Sofia Gonzalez

Personal information
- Born: 27 March 2001 (age 25) London, England
- Home town: Jongny, Switzerland
- Education: City University of London

Sport
- Country: Switzerland
- Sport: Paralympic athletics
- Disability class: T63
- Events: 100 metres Long jump

Medal record
Paralympic athletics
Representing Switzerland
European Championships
| Bronze medal – third place | 2021 Bydgoszcz | 100m T63 |

= Sofia Gonzalez (athlete) =

Swiss Paralympic athlete

Sofia Gonzalez (born 27 March 2001) is a Swiss Paralympic athlete of Spanish and Mexican descent who competes in sprinting and long jump in international track and field competitions. She is a European bronze medalist in 100m.

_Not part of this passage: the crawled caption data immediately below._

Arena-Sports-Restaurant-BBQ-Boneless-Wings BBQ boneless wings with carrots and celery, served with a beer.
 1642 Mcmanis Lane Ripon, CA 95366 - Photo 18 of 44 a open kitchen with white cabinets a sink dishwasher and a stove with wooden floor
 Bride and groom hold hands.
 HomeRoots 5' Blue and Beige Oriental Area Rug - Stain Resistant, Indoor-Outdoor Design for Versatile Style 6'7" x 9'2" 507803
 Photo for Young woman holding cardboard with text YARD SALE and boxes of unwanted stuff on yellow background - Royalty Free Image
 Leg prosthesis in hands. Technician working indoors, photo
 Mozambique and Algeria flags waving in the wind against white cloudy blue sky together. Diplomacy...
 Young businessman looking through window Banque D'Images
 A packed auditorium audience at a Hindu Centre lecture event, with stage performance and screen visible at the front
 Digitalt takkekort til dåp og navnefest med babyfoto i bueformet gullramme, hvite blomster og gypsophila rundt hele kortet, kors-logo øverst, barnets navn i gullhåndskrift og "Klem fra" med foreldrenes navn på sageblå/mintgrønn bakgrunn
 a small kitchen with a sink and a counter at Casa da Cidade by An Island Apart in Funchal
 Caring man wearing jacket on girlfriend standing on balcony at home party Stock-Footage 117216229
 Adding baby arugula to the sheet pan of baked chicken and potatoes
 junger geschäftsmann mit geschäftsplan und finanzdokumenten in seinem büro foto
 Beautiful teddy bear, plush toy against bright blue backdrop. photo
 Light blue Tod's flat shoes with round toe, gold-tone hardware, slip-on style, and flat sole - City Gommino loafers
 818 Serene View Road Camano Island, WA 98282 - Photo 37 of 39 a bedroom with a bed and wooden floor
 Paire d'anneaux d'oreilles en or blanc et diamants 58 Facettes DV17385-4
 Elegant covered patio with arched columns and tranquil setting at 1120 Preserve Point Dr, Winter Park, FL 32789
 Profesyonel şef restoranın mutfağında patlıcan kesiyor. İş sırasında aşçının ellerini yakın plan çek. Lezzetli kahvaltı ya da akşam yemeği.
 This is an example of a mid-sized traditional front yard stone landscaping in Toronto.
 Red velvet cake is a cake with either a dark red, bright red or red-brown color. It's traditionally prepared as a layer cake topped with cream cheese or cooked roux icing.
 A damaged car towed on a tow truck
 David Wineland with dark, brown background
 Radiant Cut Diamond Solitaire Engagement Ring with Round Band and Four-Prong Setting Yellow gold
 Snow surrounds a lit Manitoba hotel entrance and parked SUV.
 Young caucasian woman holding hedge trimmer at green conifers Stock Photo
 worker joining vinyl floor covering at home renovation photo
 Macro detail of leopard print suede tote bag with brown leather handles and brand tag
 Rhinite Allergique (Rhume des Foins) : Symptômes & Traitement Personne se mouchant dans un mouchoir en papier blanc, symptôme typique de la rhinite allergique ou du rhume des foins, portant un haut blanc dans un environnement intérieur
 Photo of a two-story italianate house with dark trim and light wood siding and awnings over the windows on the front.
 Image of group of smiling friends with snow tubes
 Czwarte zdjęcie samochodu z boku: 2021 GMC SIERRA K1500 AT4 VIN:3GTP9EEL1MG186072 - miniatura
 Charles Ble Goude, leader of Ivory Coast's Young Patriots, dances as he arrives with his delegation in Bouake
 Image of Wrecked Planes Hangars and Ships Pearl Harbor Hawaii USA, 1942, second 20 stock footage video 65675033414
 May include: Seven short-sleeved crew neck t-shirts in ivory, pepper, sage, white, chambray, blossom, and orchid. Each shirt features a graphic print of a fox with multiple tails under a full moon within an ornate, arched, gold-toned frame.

She competed at the 2020 Summer Paralympics but did not medal.

Gonzalez was born with a congenital deformity in her right leg and had her leg amputated below the knee when she was three years old. While growing up in Zürich, she was a very active person and did horse riding, tennis and skiing and then became a professional athlete in 2016 when she took part in a sporting event for people with prosthetics and trained with Heinrich Popow whom she admired as an influential person.

Gonzalez is studying for a bachelor's degree in sociology at City, University of London, she is also a motivational speaker in Switzerland and can fluently speak four languages.